Six of the poems translated here were previously published as Lays of Courtly Love (1963), now out of print. Major changes have taken place in medieval studies during the last thirty years: as their interests have become less philological and more literary, medievalists have turned to close textual analyses, while feminist interpretations and the contributions of historians have further increased our understanding. I have revised my translations accordingly, often toward the more literal.

I would like to emphasize, however, that these translations are not intended to serve the purposes of scholars requiring a word-by-word version. Although I have tried to follow the text in all its detail, my principal aspiration has been to reproduce the literary experience of reading the poems. For most people in the Middle Ages, this would have been an aural experience. In a scene in Chrétien’s Yvain, a young lady sits in an orchard, reading a romance aloud to her parents. It used to be a familiar part of family life for literary works to provide entertainment in just this way. My translations will function best if they are, at least in part, read aloud. Their prevailing rhythm will then be apparent, particularly if the rhymes are neither overstressed nor minimized.

Two poems have been added to this collection in response to a new interest in their subjects: few narratives treat violence against women as impressively as Philomena, a work scarcely thought of in 1963. Lanval’s is a vision of female power, benevolent but opposed to the prevailing, patriarchal, society. But none of the authors represented here is concerned with presenting a fixed point of view as an argument in favor of one moral stance or another. The stories they tell have the ambiguity of life itself, their apparent values changing with our perspective. The reader need only try to see them whole.

This work began as a doctoral dissertation sponsored by Lawton P. G. Peckham, in whose Columbia University course I began to study Old French. I remember gratefully its Anchor Book editors, Carl Morse, who first welcomed the book, and Eugene Eoyang, whose enthusiasm for rhymes led to revisions.

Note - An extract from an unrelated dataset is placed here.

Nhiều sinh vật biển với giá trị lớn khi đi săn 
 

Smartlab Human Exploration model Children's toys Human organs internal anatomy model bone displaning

This new edition has benefited from the contributions of many. Nancy Vine Durling’s accurate reading and informed concern for the text increased my aspiration to accuracy. She is responsible for the presence of Philomena. To Harriet Spiegel, Minnette Gaudet, Renate Blumenfeld-Kosinski, and Nicolas and Robert Terry, I owe thanks for useful suggestions; to Doris Kretschmer at the University of California Press, my gratitude for championing the project and for her patience. Rose Vekony has been the book’s meticulous copy editor, to whom I am indebted for many improvements. Patricia Stirnemann led me through the mazes of Paris libraries to find the cover illustration, and nothing could have been more enjoyable. Finally, I don’t commit anything to print without the advice of Elena Aguilar Koster and Kathleen Micklow, whose responses never fail to surprise and enlighten me; their friendship is built in to all my work.